144 views Asked by At

So the title sounds odd because perhaps my problem is odd... I have a .txt file with thousands of lines of machine output from a different program in the following format:

candidates(6,1,0,5,[ev(-1000,'C0009814','Stenosis','Acquired stenosis',[stenosis],[patf])])

Essentially we have 'candidates' marking the start of a tuple, and 'ev' marking the start of a second tuple inside of a single element list. When I read all of this into python from the file, it reads in as a string. But I need an object so I can access the nth index of the tuple. Truly, I would be happy just finding a way to consistently get the last value of the ev() tuple from this string, in this case 'patf'.

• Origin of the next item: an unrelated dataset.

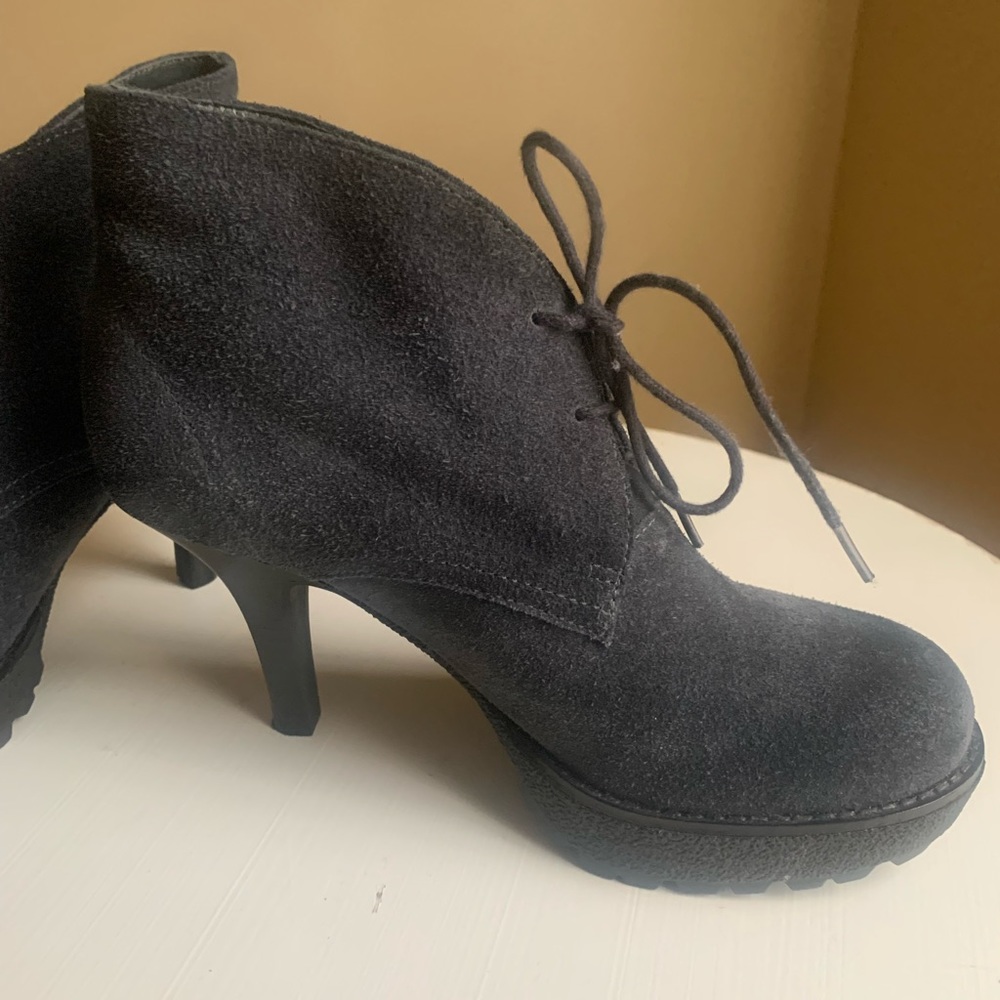 Heeled ankle booties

I had considered just splitting on ',' but this is not always successful because the list inside the list '[stenosis]', can sometimes have values like '[regurgitation, aortic]'. That extra ',' throws off the list index by 1 and therefore it return 'aortic]' instead of '[patf]'.

Please let me know if I can clarify anything or if I took some piece of knowledge for granted that needs to be said before this can be solved. Many thanks. I also included a second examples below that illustrates the problem of splitting on ','.

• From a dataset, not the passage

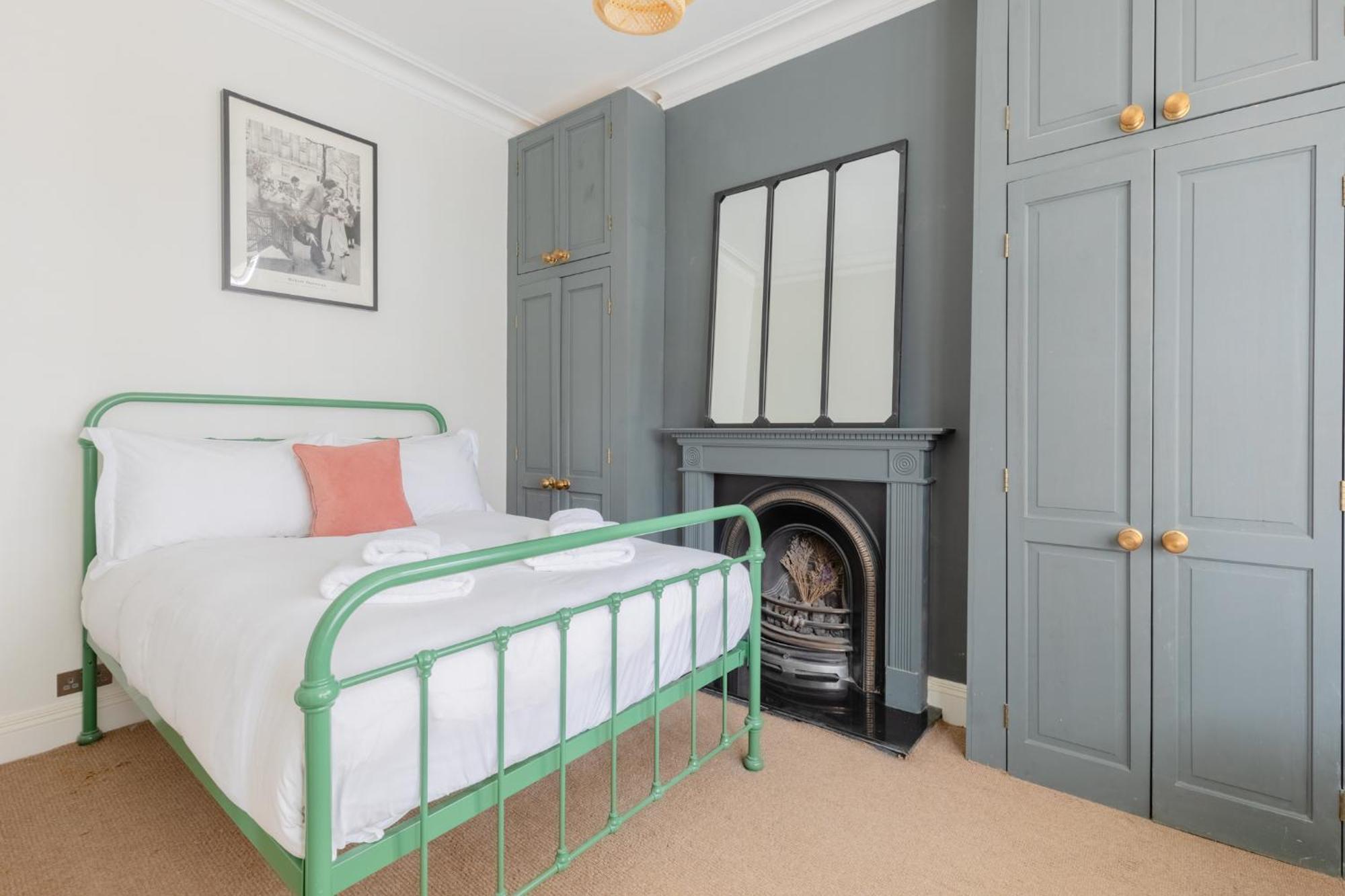 Apartment Period-chic 2bd Flat With Private Patio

candidates(8,1,0,7,[ev(-875,'C0003501','Aortic Valve','Aortic valve structure',[aortic,valve],[bpoc])])

Edit: The object doesn't need to be a list, I guess. A tuple of the same format works well. Just as long as I can consistently reference one index for the info I need. Thanks!

Edit 2: I use python 2.7.6

3

There are 3 answers

3
Christian Aichinger On

If your data is always formatted the same way, the quickest way is to use regular expressions (module re), if you know how to.

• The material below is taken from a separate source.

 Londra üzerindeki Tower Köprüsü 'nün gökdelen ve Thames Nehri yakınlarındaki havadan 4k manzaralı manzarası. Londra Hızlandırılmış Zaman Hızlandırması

Otherwise, and this is quite an unsightly hack, you can try to "parse" the data using eval. Here's an example:

eval_globals = {
    "candidates": lambda *args: args,
    "ev": lambda *args: args,
    "aortic": "aortic",
    "valve": "valve",
    "bpoc": "bpoc",
    # Add more of the keywords you need here
}
result = eval(line, eval_globals)        
0
ssm On

Just split on [. So you can do s.split('[')[-1].split(']')[0] where s is a line from the file ...

1
roippi On

You have a nested grammar that you're trying to parse. Albeit it is narrowly scoped, so regex could be constructed to deal with it, but it's going to be fragile. Like, really fragile.

Try using ast. This gets a little complex so I'll try to walk (haha) through an an example. If you want the tl;dr, skip to the middle/end.

We're looking for a name in a list node, so we can start there.

import ast

s = "candidates(6,1,0,5,[ev(-1000,'C0009814','Stenosis','Acquired stenosis',[stenosis],[patf])])"

mod = ast.parse(s)

for node in ast.walk(mod):
    if isinstance(node, ast.List):
        print(node, list(ast.iter_child_nodes(node)))

<_ast.List object at 0xb3f2ddec> [<_ast.Call object at 0xb3f2de0c>, <_ast.Load object at 0xb712756c>]
<_ast.List object at 0xb3f2deec> [<_ast.Name object at 0xb3f2df0c>, <_ast.Load object at 0xb712756c>]
<_ast.List object at 0xb3f2df2c> [<_ast.Name object at 0xb3f2df4c>, <_ast.Load object at 0xb712756c>]

We see that there are three ast.List nodes in our syntax tree. The first one is going to be the outer list that calls ev, and the two inner ones are going to contain those bare ast.Name nodes. That's what we want to get at - you specifically want the second one.


tl;dr skips here

We can make this all a lot more straightforward, I'm just walking through how I personally explored this syntax tree. Here's a one-ish-liner:

s = "candidates(6,1,0,5,[ev(-1000,'C0009814','Stenosis','Acquired stenosis',[stenosis],[patf])])"

mod = ast.parse(s)

[next(ast.iter_fields(node)) for node in ast.walk(mod) if isinstance(node, ast.Name)]
Out[62]: [('id', 'candidates'), ('id', 'ev'), ('id', 'stenosis'), ('id', 'patf')]

So just grab the second index of the last element of that, there's your string. This approach works for your other example too:

s = "candidates(8,1,0,7,[ev(-875,'C0003501','Aortic Valve','Aortic valve structure',[aortic,valve],[bpoc])])"

mod = ast.parse(s)

[next(ast.iter_fields(node)) for node in ast.walk(mod) if isinstance(node, ast.Name)]
Out[65]: 
[('id', 'candidates'),
 ('id', 'ev'),
 ('id', 'aortic'),
 ('id', 'valve'),
 ('id', 'bpoc')]

You can use this approach to grab really any element you want out of that syntax tree. Just explore the output of ast.walk with ast.iter_fields and ast.iter_child_nodes.